TSMC熊本工場「以前」に決定していた、アメリカのアリゾナ州フェニックスにおけるファンドリー(第1工場と第2工場)が本格的に動き出しました。理由はシンプルで、アメリカ商務省が約1兆円の財政支援を実施すると発表したためでしょう。


 日本の熊本工場は、後から決まった話なのですが、実際の工場稼働はフェニックスより先になりました。理由は、経産省が驚くほど速やかに(補正予算で)TSMCへの財政支援を「した」ためです。
 

 TSMCは、フェニックスでは、新たに2ナノ以降の半導体を量産する第3工場の建設も発表しています。

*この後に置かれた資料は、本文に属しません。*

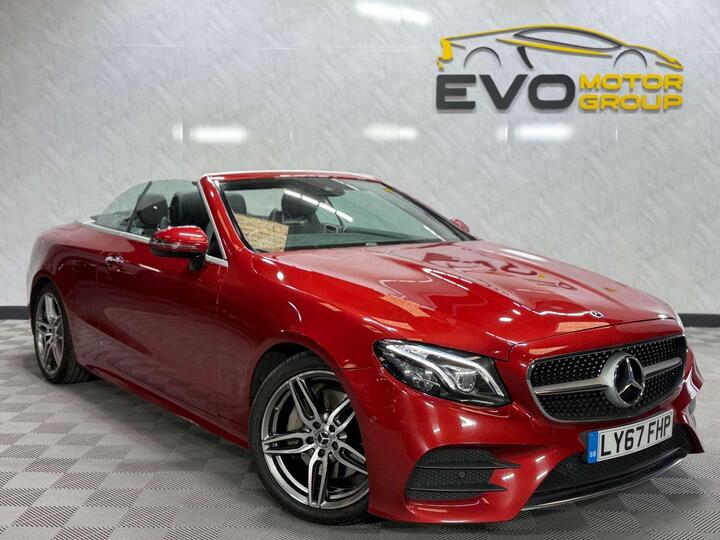 Mercedes-Benz E-CLASS 2.0 E220d AMG Line (Premium Plus) Cabriolet G-Tronic+ Euro 6 (s/s) 2dr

 半導体戦争において、TSMCは「フェニックスに最先端(3ナノ)の工場を建設する」ことを決断した時点で、アメリカ(及び日本・オランダなど)側についたのでしょう。前にも書きましたが、モリス・チャンは中国生まれではありますが、実質的にアメリカ人です。


 上記を前提にすると、モリス・チャンの、
「自由貿易はすでに死んだ」
 という言葉の真意が分かると思うのです。好き勝手に中国と「利益」のための「ビジネス」ができる時代は終わった、という話です。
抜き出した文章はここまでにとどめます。